Graph queries form a complete lattice ordered by result containment:

Definition: For graph queries $Q_1, Q_2$ , define $Q_1 \sqsubseteq Q_2$ iff $\text{result}(Q_1) \subseteq \text{result}(Q_2)$ for all graph instances.

Theorem 3.3 (Graph Query Lattice): Graph queries ordered by $\sqsubseteq$ form a complete lattice.

The lattice operations:

Meet: $Q_1 \sqcap Q_2$ returns intersection of results
Join: $Q_1 \sqcup Q_2$ returns union of results
Bottom: Query returning $\emptyset$
Top: Query returning $\mathcal{V}_G$

This lattice structure enables the optimizer to navigate between equivalent graph query formulations.

3.4 Graph Algebra Operations

We define the operators that transform graph posting lists.

3.4.1 Adjacency Operator

The adjacency operator $\alpha$ expands a posting list to include adjacent vertices:

\alpha: 2^{\mathcal{V}_G} \times 2^{\mathcal{T}} \times \{in, out, both\} \rightarrow 2^{\mathcal{V}_G}

For vertex set $S$ , edge types $T$ , and direction $d$ :

\alpha(S, T, out) = \{u \mid \exists v \in S, t \in T: (v, u, t) \in \mathcal{E}_G\}

\alpha(S, T, in) = \{u \mid \exists v \in S, t \in T: (u, v, t) \in \mathcal{E}_G\}

\alpha(S, T, both) = \alpha(S, T, out) \cup \alpha(S, T, in)

Properties of adjacency:

Monotonicity: $S_1 \subseteq S_2 \implies \alpha(S_1, T, d) \subseteq \alpha(S_2, T, d)$

Distributivity over union:

\alpha(S_1 \cup S_2, T, d) = \alpha(S_1, T, d) \cup \alpha(S_2, T, d)

Edge type union:

\alpha(S, T_1 \cup T_2, d) = \alpha(S, T_1, d) \cup \alpha(S, T_2, d)

3.4.2 Traversal Operator

The traversal operator $\tau_G$ performs multi-hop traversal:

\tau_G: 2^{\mathcal{V}_G} \times 2^{\mathcal{T}} \times \mathbb{N} \times \{in, out, both\} \rightarrow 2^{\mathcal{V}_G}

Defined recursively:

\tau_G(S, T, 0, d) = S

\tau_G(S, T, k, d) = \tau_G(S, T, k-1, d) \cup \alpha(\tau_G(S, T, k-1, d), T, d)

This computes the $k$ -hop neighborhood: all vertices reachable within $k$ edge traversals.

Fixed-point characterization:

\tau_G(S, T, \infty, d) = \mu X. (S \cup \alpha(X, T, d))

The infinite traversal is the least fixed point of the adjacency expansion, representing the transitive closure.
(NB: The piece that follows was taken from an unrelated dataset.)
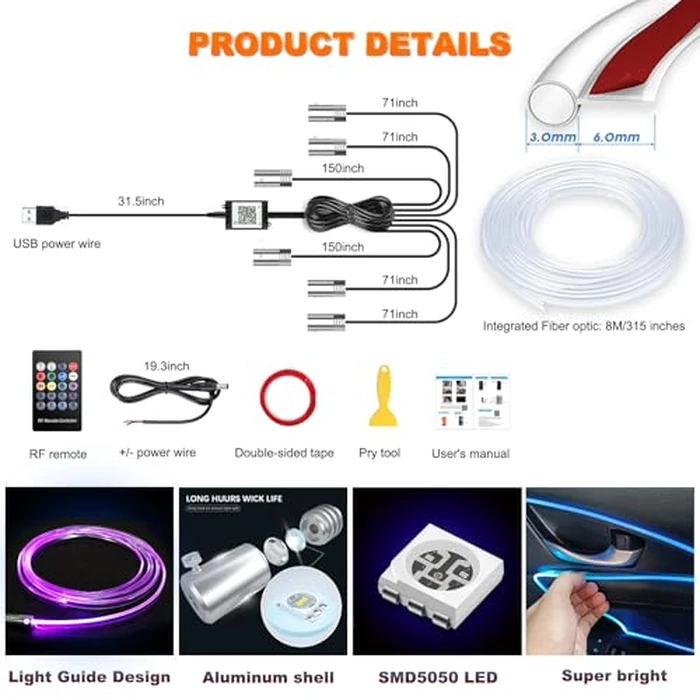 Jushope Car LED Strip Lights, USB Interior Ambient Lighting Kits with Wireless APP and RF Remote Control, 16 Million Colors Music Mode Car Decoration Lights with 315 inches 3.0mm Fiber Optic (6 in 1) by Jushope - Image 7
3.4.3 Pattern Matching Operator

The pattern matching operator $\mu$ finds subgraph isomorphisms:

\mu: \mathcal{G}_P \times \mathcal{V}_G \rightarrow 2^{\mathcal{V}_G}

where $\mathcal{G}_P$ is a pattern graph. The result contains vertices that can serve as the anchor vertex in pattern matches.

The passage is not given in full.